Augustine (continued)

I wanted to give you a survey of the basic elements in the development of Augustine. I started last time and gave you two of these elements, the first being the piety of his mother Monica, in contrast to the paganism of his father; the importance of tradition, which now again has started after it had come to an end in Greece, for instance, in the period of Plato. We can say Plato represents the end of a tradition (the Aristocratic tradition in Athens), while Augustine represents the beginning of a new tradition, the Christian. The second point I made was the reading of Cicero’s “Hortensius,” where the problem of truth is discussed. This gave him the first question. Hortensius, Cicero himself, answers this question in terms of eclectic philosophy, philosophy which chooses and doesn’t construct, chooses out of the given systems according to a practical or pragmatic principle of what is good for a special situation. In Cicero it is the Roman Empire, what is good for a Roman citizen. For Augustine the point of view is the Christian Church, which gives the basis for his philosophical eclecticism.

The third point was his Manichaeism. The Persian religion was dualistic and produced, in the Hellenistic period, a movement called Manichaeism, from its leader Mani. It was a Hellenized Parsism, dualistic in character. So we can consider it a mixture between the prophecy of Zoroaster, the prophet of the Persian religion, and Platonism in the form of the Gnostic thinking of his time, the late ancient world.

These Manichaeans were for a long time the main competitors with Christianity.

They asserted that they represent the truly scientific theology of their time. Augustine was attracted for this reason and also because the dualism of the Manichaeans gave them the possibility of explaining sin rationally. This is the reason why the Manichaeans always had some influence through the whole history of Christianity. There were in the Middle Ages always sects influenced by Manichaean ideas, and there are Manichaean elements in many of you, without your knowledge of it. Whenever you hear an explanation of sin in terms of human freedom, then ask the question: “But if God is almighty, it must come from Him, or a principle against Him” – then you are Manichaean in your thinking: you have two principles in order to explain sin.
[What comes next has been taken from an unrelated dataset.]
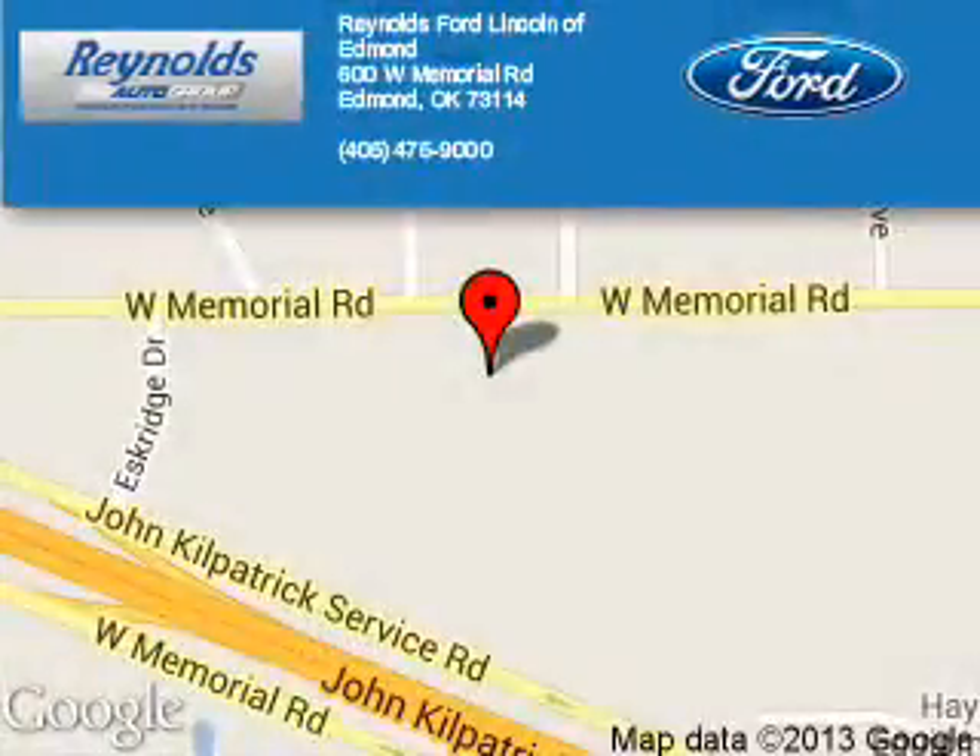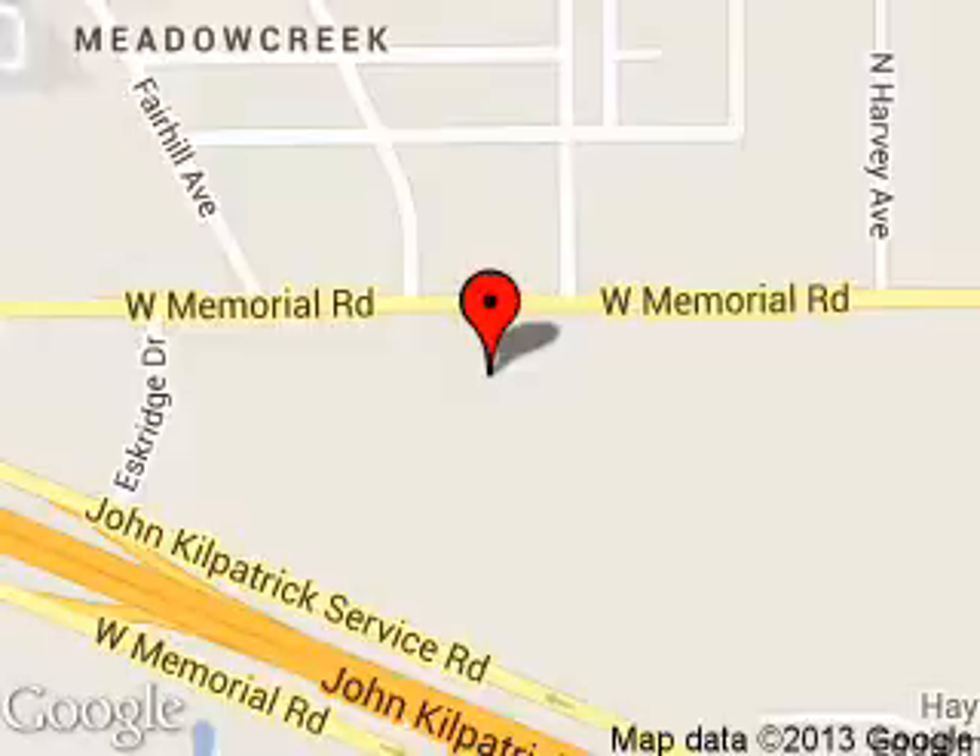Reynolds Ford of Edmond is dedicated to doing everything possible to ensure that the experience you have selecting your next vehicle is a pleasant one. We are located at 600 West Memorial Road, Edmond, Oklahoma, 73114.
This is something which is a past problem, but an actual problem, especially actual if you talk with people who are outside Christian: thought but have this popular nonsense with which they confront God’s almightiness and the evil of the world, and tell you either God is not almighty or He is not all-loving. Then you are tempted to retire into a kind of half-Manichaean principle that there is an ultimate principle of evil in the world against the ultimate principle of good. You hear this also unfortunately in very serious lectures, and when you hear that the Neoplatonists or Augustine called sin.”non-being,” then they have taken away the seriousness of sin. But in the moment in which you (regard) sin as a part of being, then you are Manichaean. .. Augustine was attracted ,by this because he could now have two ultimate principles – evil is as positive as good.

This choice, which kept him for ten years as a member of the Manichaean development, shows his interest in thinking. Not everybody had a merely logical interest in it. Most philosophers had other interests, too. There is first, that truth for this group, as for Augustine, is not a theoretical philosophical, it is not logical analysis, but is at the same time religious practice – practical truth, existential truth: that is his interest.